This sensor journalism typology as Lily Bui states can help us "to examine the work that has been done; tease out emergent patterns; and gain perspective on the field to anticipate its future trajectory" (Bui, 2014).

When examining this typology in the context of today's news industry, sensor journalism projects have mainly been in three areas: 1) journalists using sensors to report on a community issue (i.e. Houston Chronicle air quality project), 2) people using sensors by having the public build the sensor and deploy it (i.e. "WNYC Cicada Project) and 3) using existing sensor networks to report on what has been found with the sensor data (i.e. part of the Hindustan Times air quality project).

However, sensor journalism projects that incorporate mobile sensing, remote sensing or wearables have yet to be implemented. These kinds of sensor journalism projects may present new forms of how information can be gathered and reported on in a community.

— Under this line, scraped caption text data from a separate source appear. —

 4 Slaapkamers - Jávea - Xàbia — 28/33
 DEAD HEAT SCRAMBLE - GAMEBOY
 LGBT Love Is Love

For example, mobile sensing could allow the reporter to be able to deploy a noise project in a community by allowing the public to enable a noise app from within their smartphone and report back the data to the news organization on the noise levels in their community. In aggregate, the reporter could get an idea for time, location and the type of noise level in that community for a potential story.

Another example is remote sensing which entails using sensors from planes, boats, ground-based and/or satellite sensor networks (Bui, 2014). A reporter could potentially embark on a remote sensor project by looking at sea-level rise with satellite sensor imagery in combination with ground based water sensors.

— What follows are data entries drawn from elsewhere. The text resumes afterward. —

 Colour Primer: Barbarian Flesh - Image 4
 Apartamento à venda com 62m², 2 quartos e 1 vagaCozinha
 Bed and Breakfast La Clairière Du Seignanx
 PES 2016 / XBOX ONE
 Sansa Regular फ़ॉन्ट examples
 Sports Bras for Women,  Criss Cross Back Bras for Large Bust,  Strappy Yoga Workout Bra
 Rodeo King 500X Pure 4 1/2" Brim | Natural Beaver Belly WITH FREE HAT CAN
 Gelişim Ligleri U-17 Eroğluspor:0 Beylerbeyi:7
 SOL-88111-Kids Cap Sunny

Lastly, the wearable device is another uncharted area in which a reporter could examine micro data from a volunteer community from their health tracker wearable device to examine an aspect of health or fitness from a particular group for a point in time.

Opportunities for Sensor Journalism

There are a variety of ways in which sensors can help to provide information for journalists and those sensors have already helped in specific projects aforementioned for organizations like WNYC, Houston Chronicle, USA Today, etc.

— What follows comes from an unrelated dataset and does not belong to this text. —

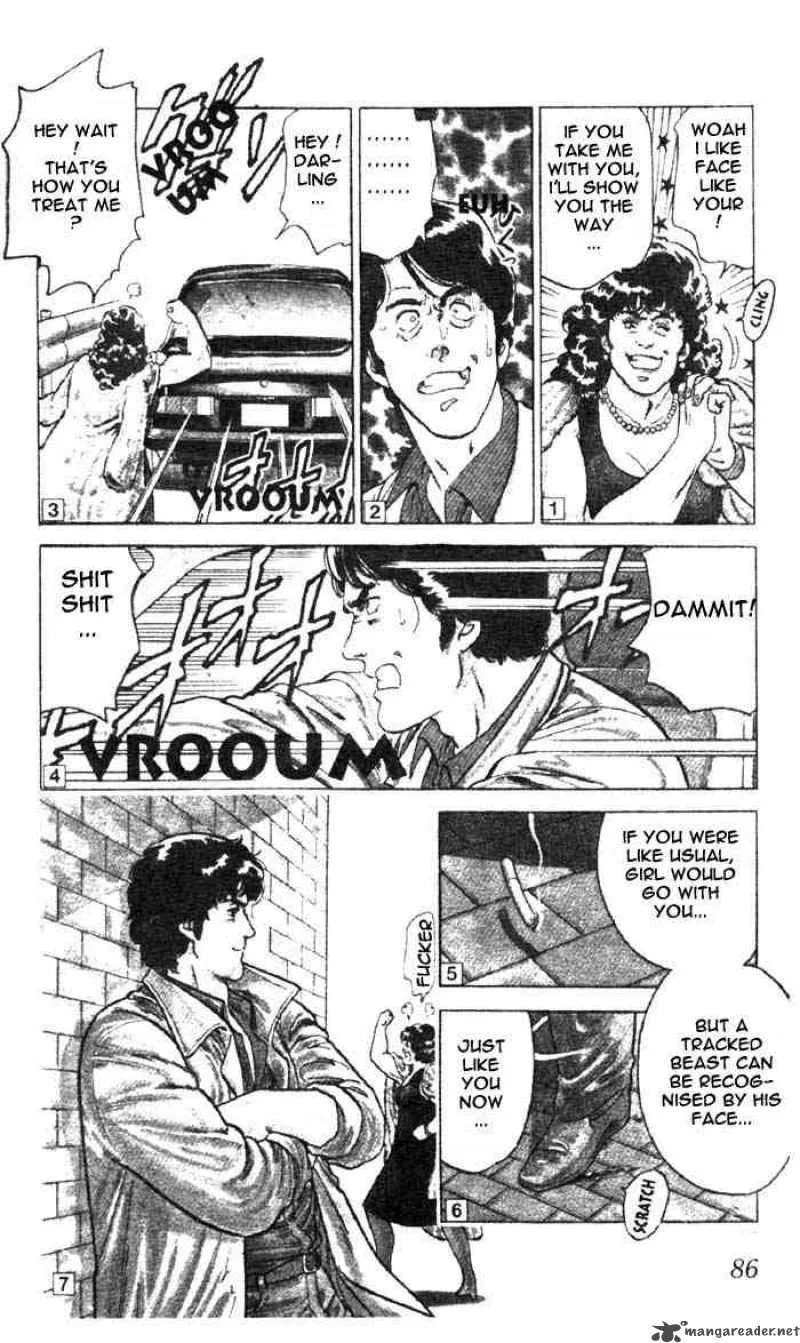 City Hunter Chapter 2 page 9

As the development of the Internet of Things (IoT) takes shape in many cities across the globe, the potential for sensors to capture daily interactions and daily activities can also provide unique situations for journalists and possible stories.

Community engagement

In particular, the creation and deployment of sensors can bring another form of community engagement to the news reporting process. By involving the community in building the sensor, understanding how it works and then allowing them the ability to have the sensor deployed in their own home or backyard, gives a different level of individual empowerment and also creates a unique relationship between the community and the news organization. This kind of community engagement can easily be achieved as demonstrated from the success of the "WNYC Cicada project in which they had an overwhelming response for sensors to track bugs. The success in part was in creating a simple sensor, providing easy directions for the install, and providing the public with a data visualization (i.e. map) of the data from all the sensors deployed. Empowering a community on a simple idea and aggregating the involvement can make a difference for the news organization and the journalist who is reporting on the story.

New stories, new angles

Sensor journalism's potential doesn't come from the sensor technology per say but the data that can be gathered from the sensor in aggregate that can provide insights on an issue or topic not examined previously. The journalist's work in creating and deploying sensors is not the end but just the beginning.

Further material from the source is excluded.